I'm trying very hard to hold it all in perspective, since it is a part of life - and we know that one day that happens to all of us.
He lived a wonderful life, and did many things few people can ever say they have done.
He was a pilot, a veteran of an unappreciated war, an outdoorsman who has extensively hiked the Appalachian Train in America, and a photographer who never skipped the chance to get a picture if he could find the right angle.
I look across the street and see his Jeep parked in another friend of mines driveway (he was his father) and remember him walking around just a few weeks ago - it all happened that suddenly. His health seemed to fail all at once, as if it was time for that to happen.
He was an agricultural airplane pilot (SEE ALSO: Crop Duster) after the war, and used to tell me the most amazing stories about stupid stuff that happened to airplanes in flight - and all about the planes that he had experience with.

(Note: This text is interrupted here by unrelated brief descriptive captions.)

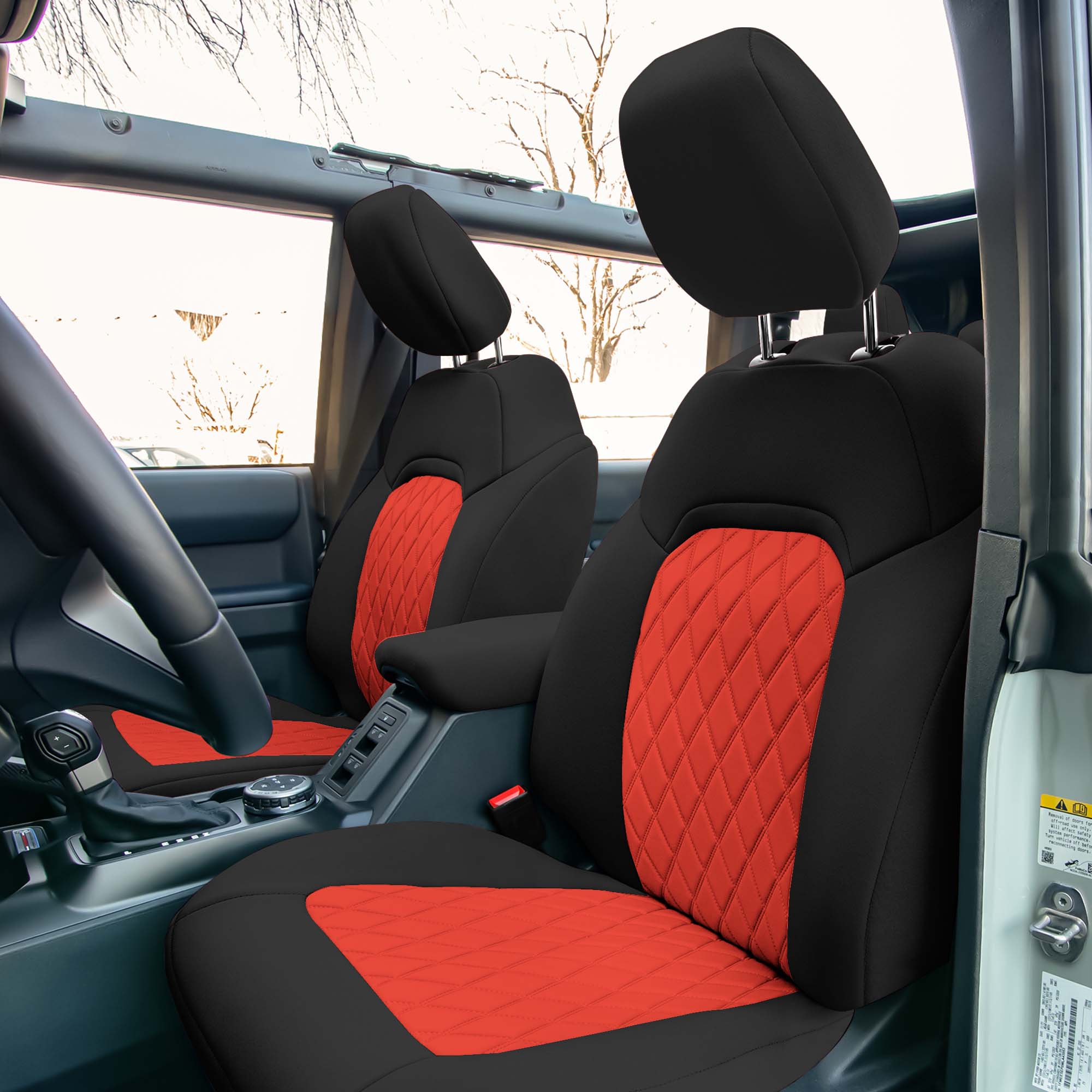 Ford Bronco Full Size SUV 2021-2024 - Full Set Seat Covers  - Red Ultraflex Neoprene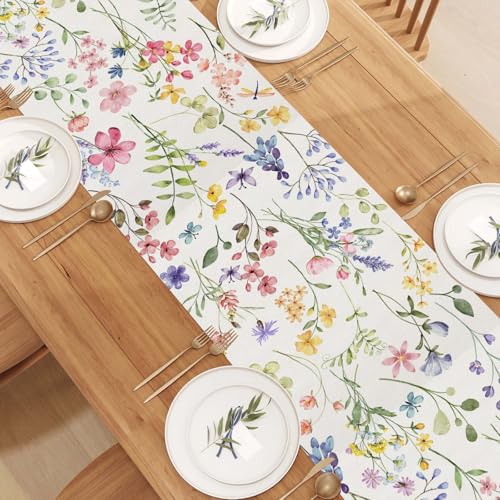 Jiudungs Watercolor Flowers Spring Table Runner Spring Summer Easter Flower Floral Home Kitchen Dining Room Table Decorations 13x72 Inch - Image 4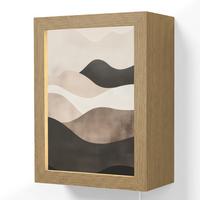 WANDLEUCHTE Abstrakt - Landschaft - Wellen - Cremefarben 15x20 cm - Graubraun, Holzwerkstoff (15/20/8cm) - OnlyWow
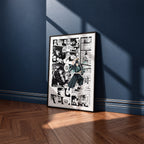 Muichiro Tokito manga poster inspired by Demon Slayer in a black frame against a navy blue wall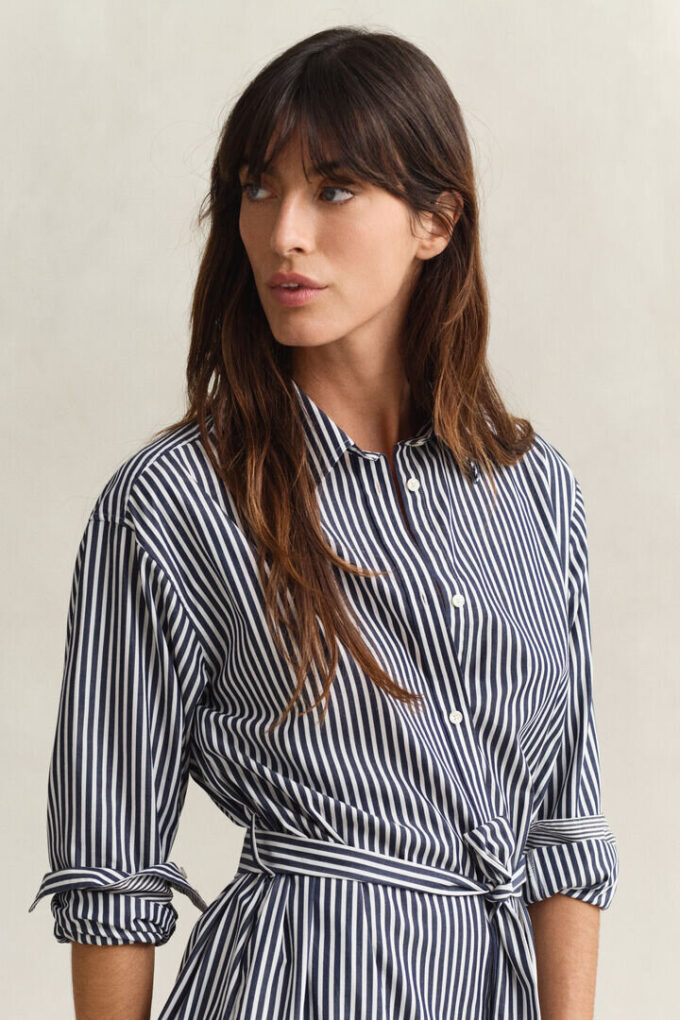 Striped Poplin Shirt Dress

Especially the rotten and screwed up stuff that happened to HIM!
I shared a love of many things with the guy, airplanes, nature, too much to list....
We drove around a few times in his jeep, and looked at the land when it was badly flooded (I live next to the Mississippi River, just above Memphis Tennessee) and found afterwards that the bluff where we had taken a view all around had collapsed - good thing it wasn't until after we left....
A fellow adventurer indeed.
As far as I know he never smoked or drank in his life, but he was an excellent gunsmith.
Now he ventures ahead - and one day I must surely join him.
I wonder what we will talk about then?
But in the meantime I am trying very damned hard not to miss him!
He was one of the people you may look all of your life without finding one of.